Researchers at the Hunter James Kelly Research Institute (HJKRI) have discovered a new way to study the interface where cells in the myelination process connect — a method that may lead to a better understanding of myelin diseases.
Interactions between brain cells hold the key to healthy brain function and cognition.
Many interactions, like the one involved in the myelination process, are notoriously difficult to study, explained M. Laura Feltri, MD, professor of biochemistry.
Researchers used a neuron to attract a glial cell, which produces myelin, and examined them in a two-chamber system separated by a membrane.
“When the cells in the upper chamber ‘recognize’ the cells in the bottom chamber, they ‘reach’ through the holes in the membrane for each other and touch. That is the intersection we can isolate and study,” Feltri explained.
Using this technique, the researchers discovered novel proteins at that intersection called prohibitins, which, they found, are necessary for the production of myelin.
First author Yannick Poitelon, PhD, explained glial cells support neurons metabolically and protect axons that can measure up to one meter in length, extending far away from the glial cell.
Poitelon, who is undertaking postdoctoral training at UB, is a postdoctoral research scientist at HJKRI.
Scientists at the HJKRI conduct research to better understand myelin, the fatty insulator that enables communication between nerve cells. The researchers study how damage to myelin occurs, and how that damage may be repaired.
Cellular interactions that trigger the production of myelin are especially hard to pinpoint. The crucial point of contact between two types of cells — the connection between axons, along which nerves impulses travel, and glial cells, which support neurons — is essentially hidden.
“Myelin is made by a glial cell wrapping around an axon cell,” explained Feltri, senior author on the paper.

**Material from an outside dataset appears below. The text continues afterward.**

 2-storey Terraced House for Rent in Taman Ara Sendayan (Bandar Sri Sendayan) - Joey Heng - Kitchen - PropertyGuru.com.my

“To study myelin, you really need to study both cells. The glial cell wraps like a spiral around the axon, so every time you try to study the region of contact between the two cells, you end up studying the whole combination. It's very hard to just look at the interface, which is critical in certain diseases,” she said.

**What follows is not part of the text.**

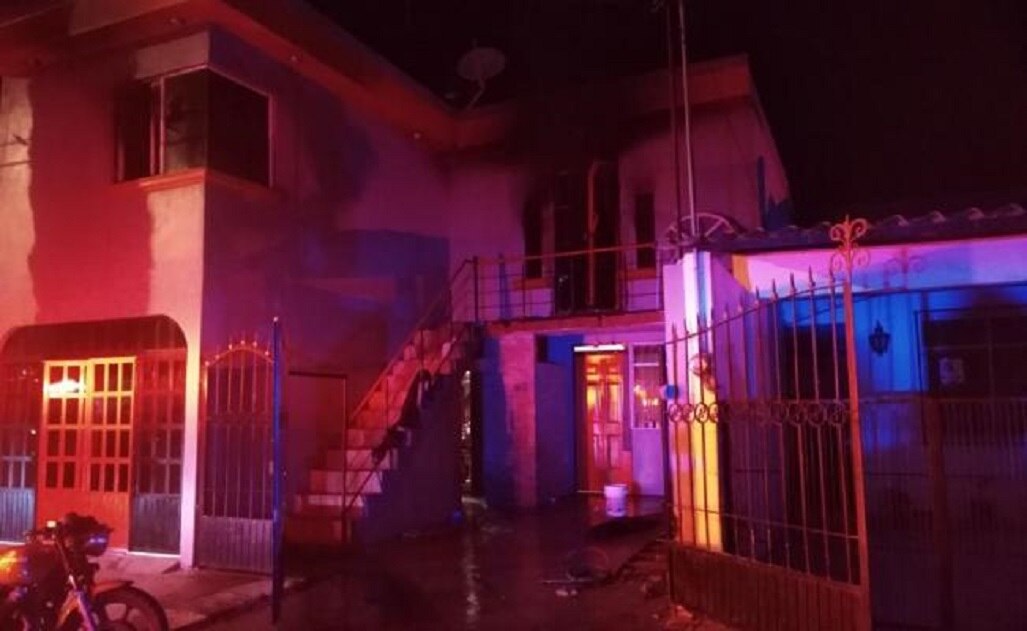 Salvan a dos hermanos de incendio en Aguascalientes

“In Krabbe disease for example, the problem is not just that there isn’t sufficient myelin, but that the glial cell is not providing proper support to the neuron. But to figure out exactly what's going wrong, we needed a better way to study that interface,” said Feltri.
“This has profound implications for glial diseases like Krabbe, Charcot-Marie Tooth, peripheral neuropathies or multiple sclerosis, because the dysfunction of glial cells ends up impairing the interactions with neurons, which as a result suffer and degenerate causing devastating clinical symptoms,” said Poitelon.
“Similarly, neurodegenerative diseases like Huntington's or Lou Gehrig's disease, that were considered uniquely diseases of neurons in the past, are now considered diseases of cellular communications between neurons and glial cells,” he said.
In addition to improving the understanding of and development of new treatments for myelin diseases, the discovery will also make it easier to study all kinds of cellular interactions, not just those in the brain.
“Using this method, we can isolate the portion of a cell that comes into contact with another cell, and analyze all the proteins that are present only in this subcellular fraction,” Feltri explained.
Other HJKRI co-authors include:
Benita S. Katzenellenbogen, PhD, of the University of Illinois, and A. Sannino, of the University of Salento, also co-authored.
Other collaborators are S. Bogni, V. Matafora, A. Bachi and C. Taveggia — all of San Raffaele Hospital.
The work was funded by the National Institutes of Health.
The HJKRI, part of UB’s New York State Center of Excellence in Bioinformatics and Life Sciences, was established in 1997 by Buffalo Bills Hall of Fame quarterback Jim Kelly and his wife Jill.
It was named after their infant son Hunter, who was diagnosed with Krabbe Leukodytrophy, an inherited fatal disorder. He died in 2005 at the age of 8.